Justice Maureen Rajnauth-Lee yesterday ruled that Tana Gayadeen and Curtis Gayadeen do not have right, title or interest in the 18,000 square feet of land acquired by the State in 1945 and which formed part of the highway. The judge has granted a six week stay of execution of her judgment.
The court’s ruling is likely to affect similar claims by landowners in the construction of the Point Fortin Highway and similar carriageways envisioned by the State. The Gayadeen family are the owners of Ramsaran’s Bar at the corner of Churchill Roosevelt Highway and Cocorite Road. The bar has been at that spot since 1953. Attempts by the Ministry of Works and Infrastructure were made to compensate the Gayadeens so that they could vacate the premises to allow for the expansion of the highway. Also located on the property are the family’s home and a lotto booth which the family also operates.
The newly-constructed $150 million dual carriageway from O’Meara Road to Demerara Road, Arima, was formally opened in March last year, although the bar has obstructed its completion. A new three-lane exit from Tumpuna Road to the highway was paved and a portion of the bar’s parking lot was utilised for the left-turn lane onto the highway. The Gayadeens, through their attorney Ramesh Lawrence Maharaj SC, filed a constitutional motion against the State, claiming their rights to enjoyment of property were infringed as well as their rights to respect for their family and private life.
They sought declarations that the State had no right title or interest in the lands and that they were the owners entitled to possession of the property. The bar’s owners also complained of the infringement of their rights when a portion of the car park was paved and sought compensation in their claim.

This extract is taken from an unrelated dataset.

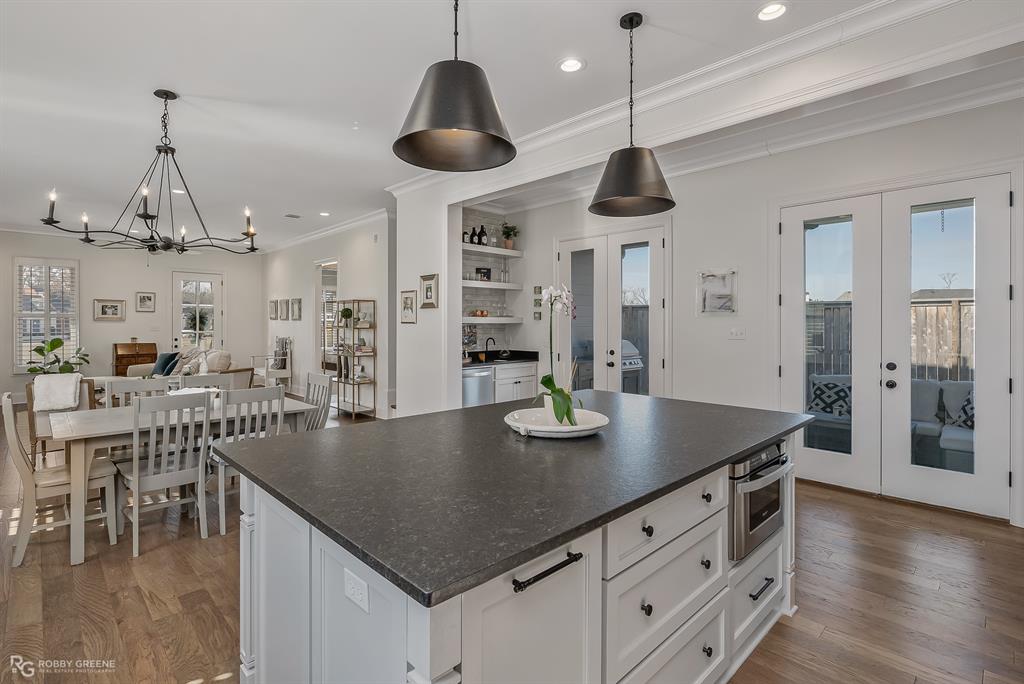 PROVENANCE - Residential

Maharaj argued that the Land Acquisition Act was not a highway creating statute but a statute for acquisition of land for public purposes. However, in her ruling Justice Rajnauth-Lee agreed with the view advanced by attorney for the Attorney General, Avory Sinanan SC, that Gazette Notice No 1711 published on December 7, 1945, had the effect in law and satisfied the statutory requirement for the creation of a highway set out in the Roads Ordinance.
She said the Gazette Notice was in substance a proclamation. In her ruling, the judge said the Gayadeens also failed to show how their rights were infringed when the ministry paved the triangular portion of the carpark, adding that the State had proved its rights to possession of the lands.
She also agreed with Sinanan’s contention that it would be absurd for the State to pay what would amount to double compensation having acquired the lands in 1945 and paid compensation.
The Gayadeens have been ordered to pay the defendant costs of the claim and counterclaim filed by the State. Sinanan led Larry Lalla and Sarfraz Alsaran and was instructed by Deowattee Dilraj-Battoosing and Brent James for the State while Maharaj led Rikki Harnanan and was instructed by Vijaya Maharaj for the Gayadeens.